[Input — start]
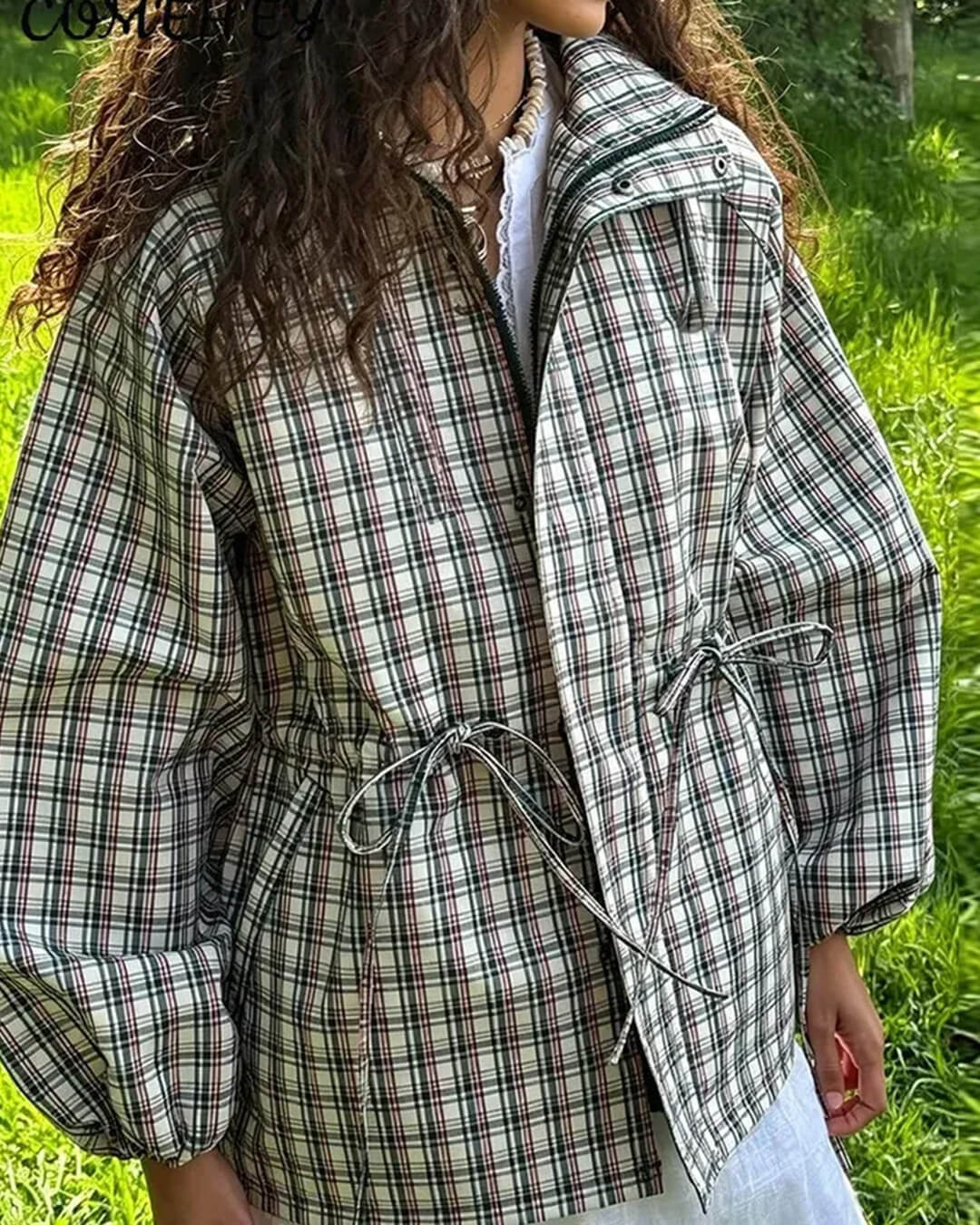 SOKYND Leah Retro Plaid Hooded Jacket JacketSOKYND-410199-L-OS-62231L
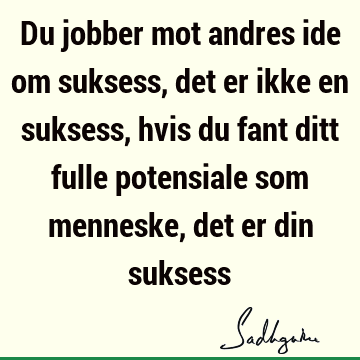 Du jobber mot andres ide om suksess, det er ikke en suksess, hvis du fant ditt fulle potensiale som menneske, det er din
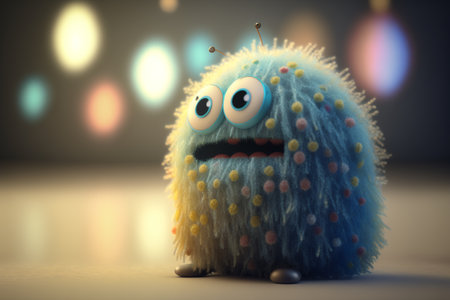 A whimsical blue fuzzy monster with cartoonish eyes and a mischievous grin.の素材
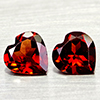 Natural Orangish Red Garnet 2.36 Ct. 2 Pcs Heart Shape 7.1 x 6.9 MM Gemstones
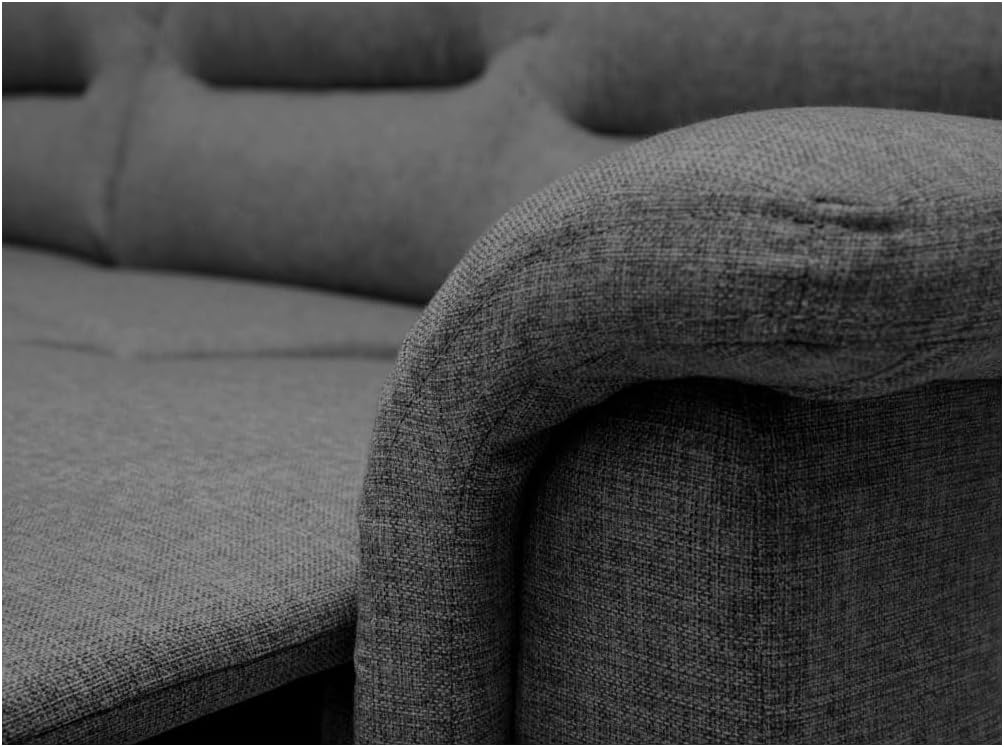 LOUNGITUDE - Canapé de Relaxation Manuel 3 Places en Tissu - Gris foncé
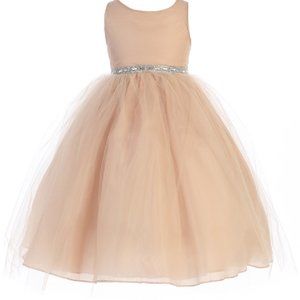 Little Girls Sparkle Rhinestone Tulle Easter Wedding Summer Flower Girl Dress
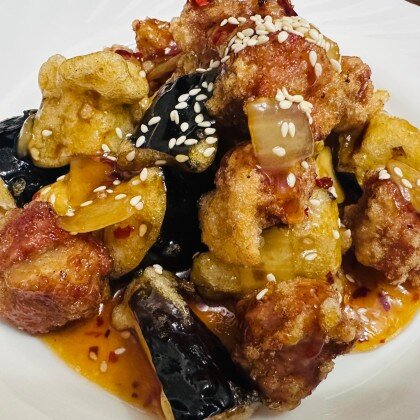 №1 Баклажаны со свининой в кисло-сладком соусе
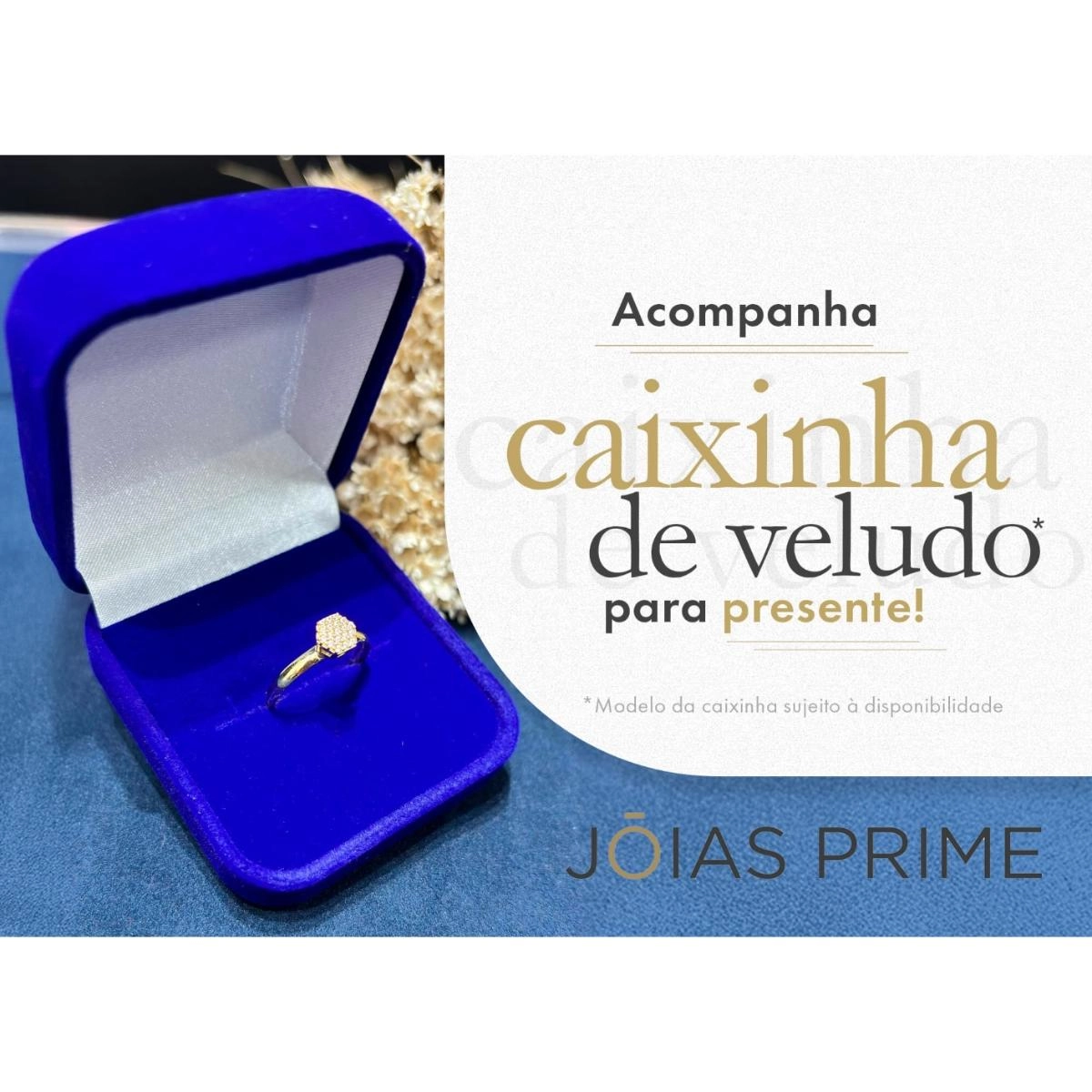 Anel Ouro 18k Chuveiro Sextavado Zircônia 1.08 gramas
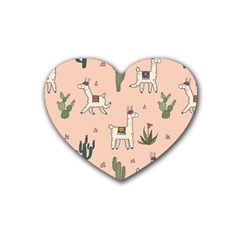 Llamas Pattern Rubber Heart Coaster (4 Pack) by Jancukart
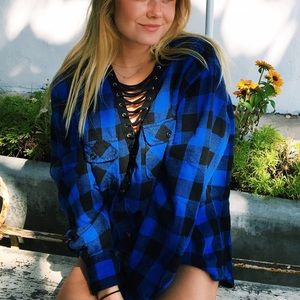 LF vintage oversized lace up flannel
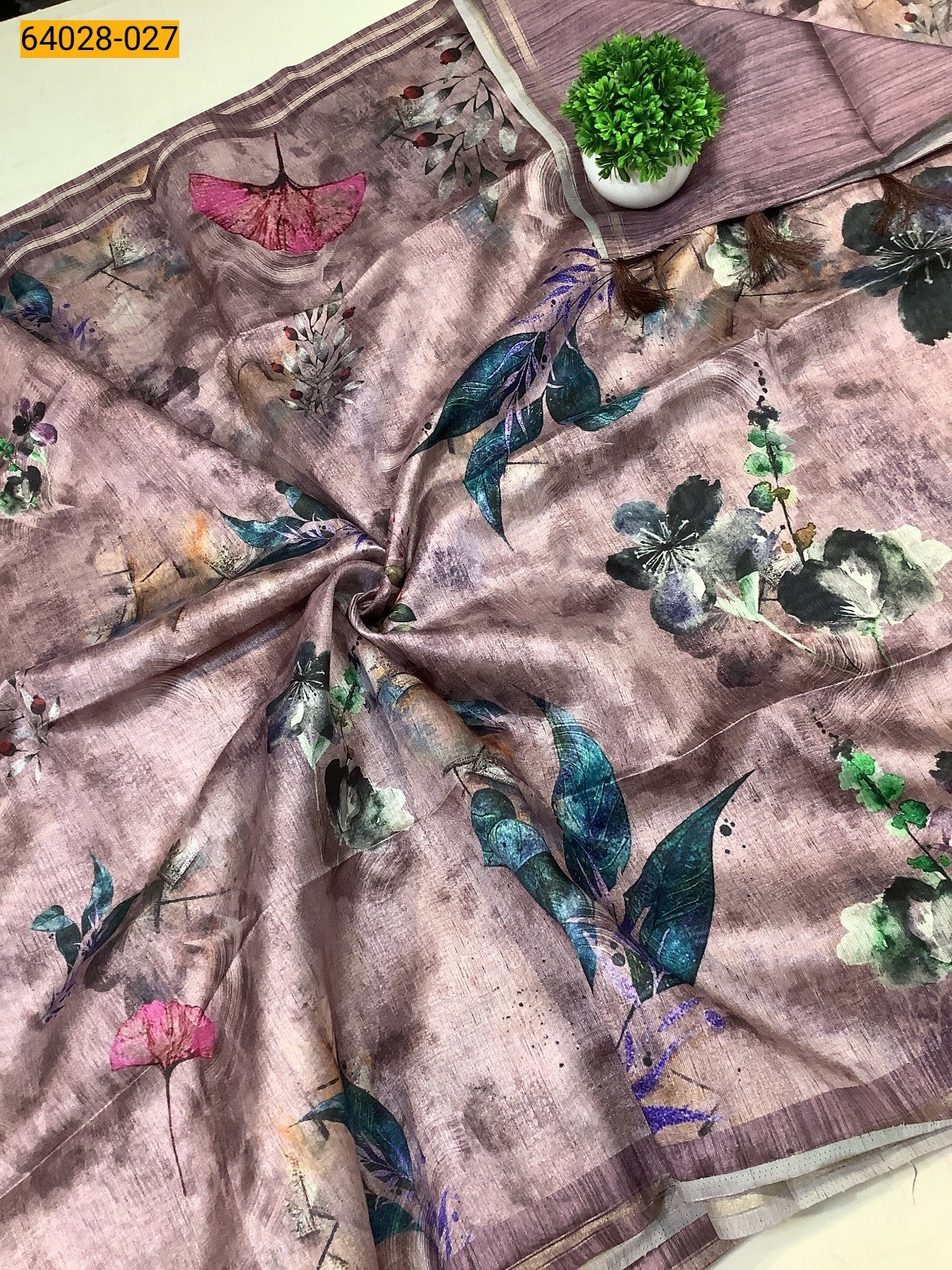 Onion Pink Tissue Silk saree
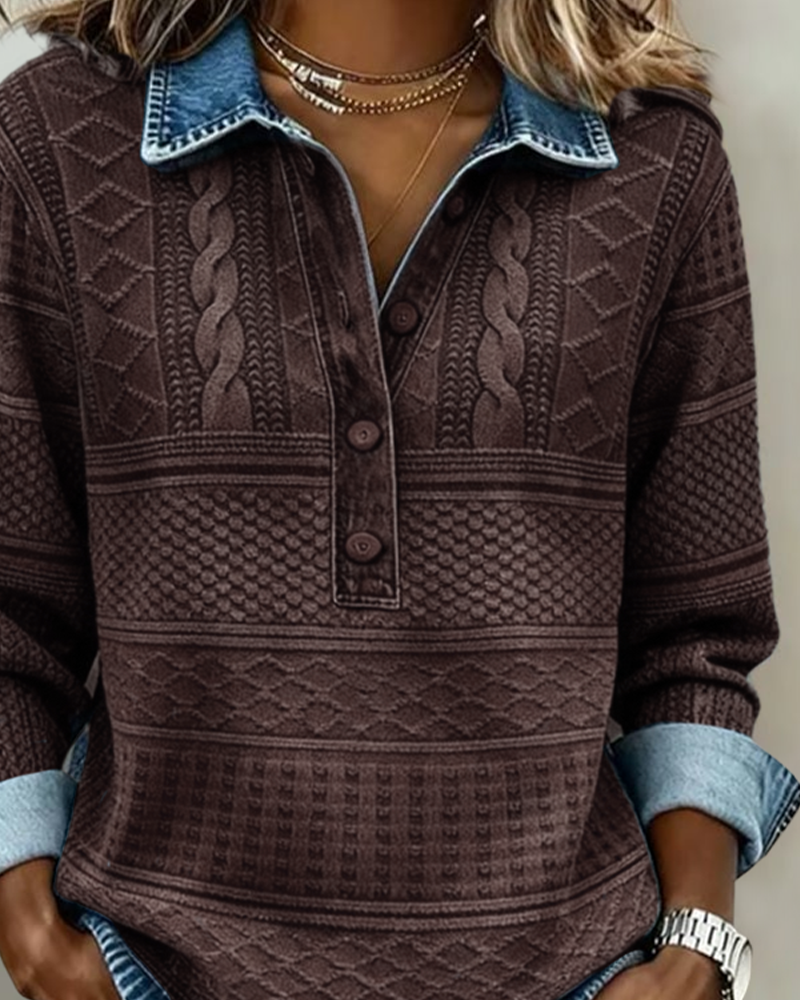 Delphina | Textured Collared Pullover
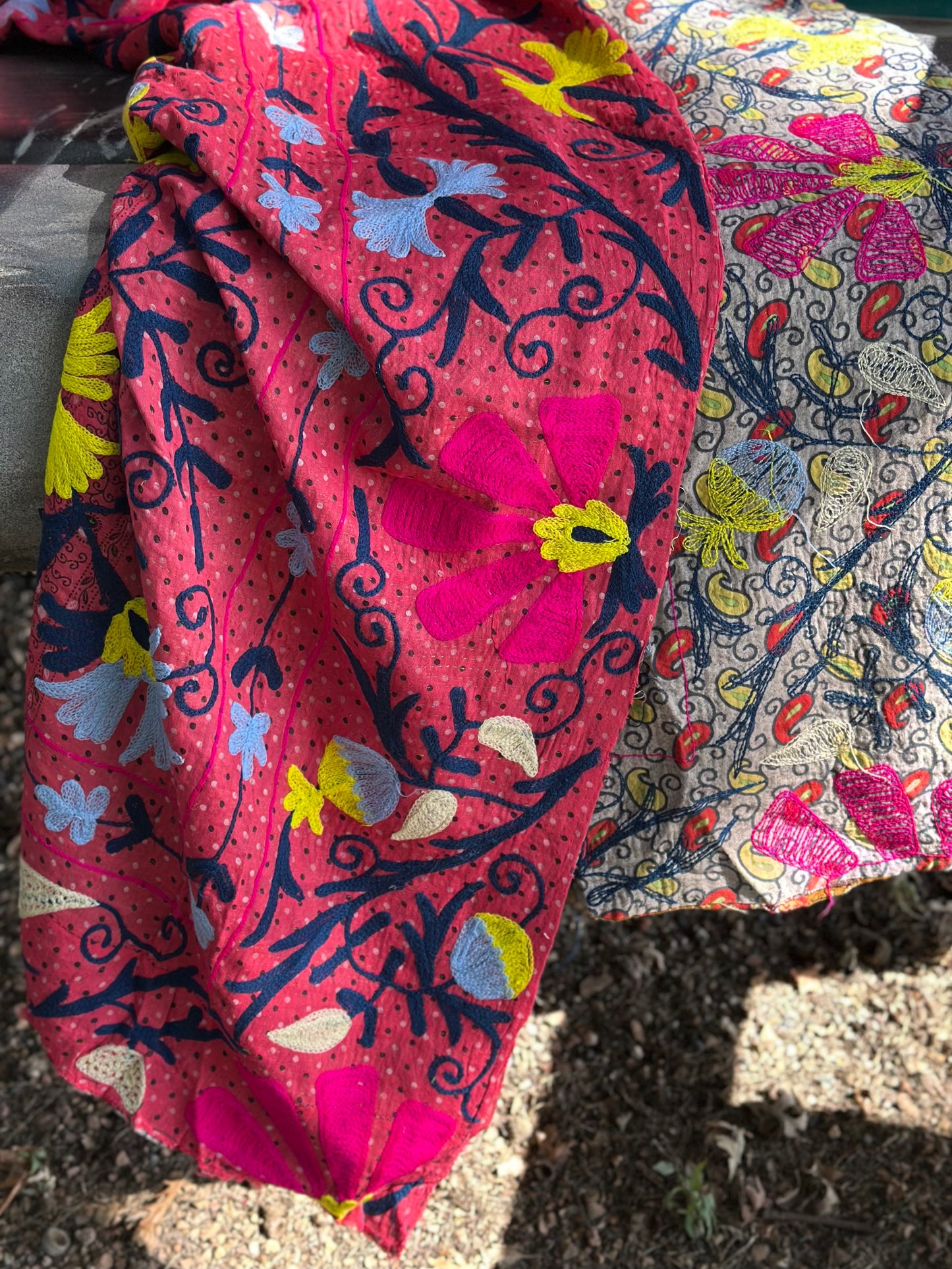 Rowena Reversible Embroidered  Kantha Quilt. - Pink Flower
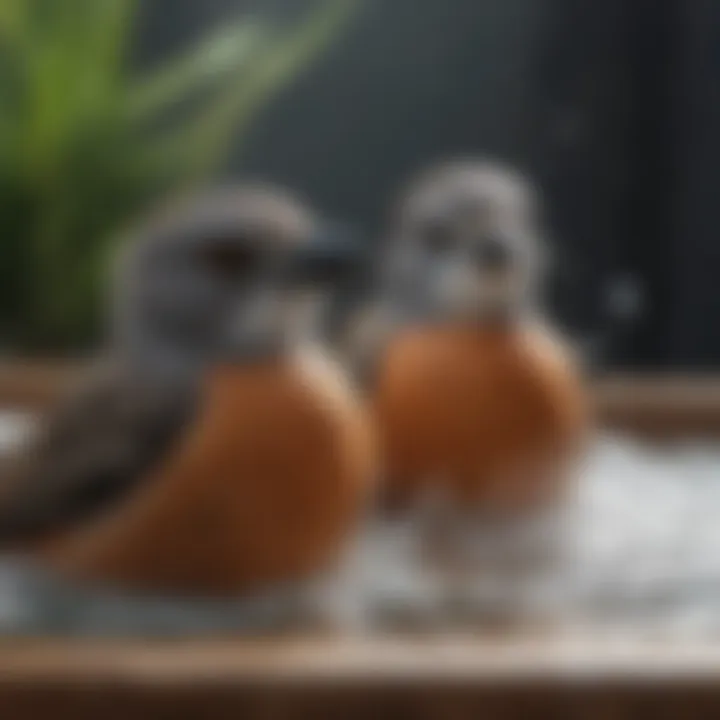 Close-up of birds enjoying a refreshing bath indoors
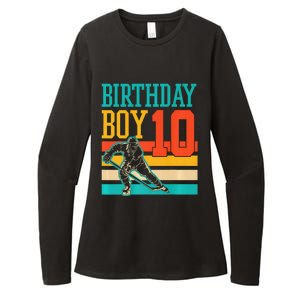 10 Year Old Ice Hockey Themed Birthday Party 10th  Gift Womens CVC Long Sleeve Shirt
[Input — finish]
Brief - Look at the listing and set down only the lines from its start through the line with "A whimsical blue", word for word and without pictures.

Your response -
 SOKYND Leah Retro Plaid Hooded Jacket JacketSOKYND-410199-L-OS-62231L
 Du jobber mot andres ide om suksess, det er ikke en suksess, hvis du fant ditt fulle potensiale som menneske, det er din
 A whimsical blue fuzzy monster with cartoonish eyes and a mischievous grin.の素材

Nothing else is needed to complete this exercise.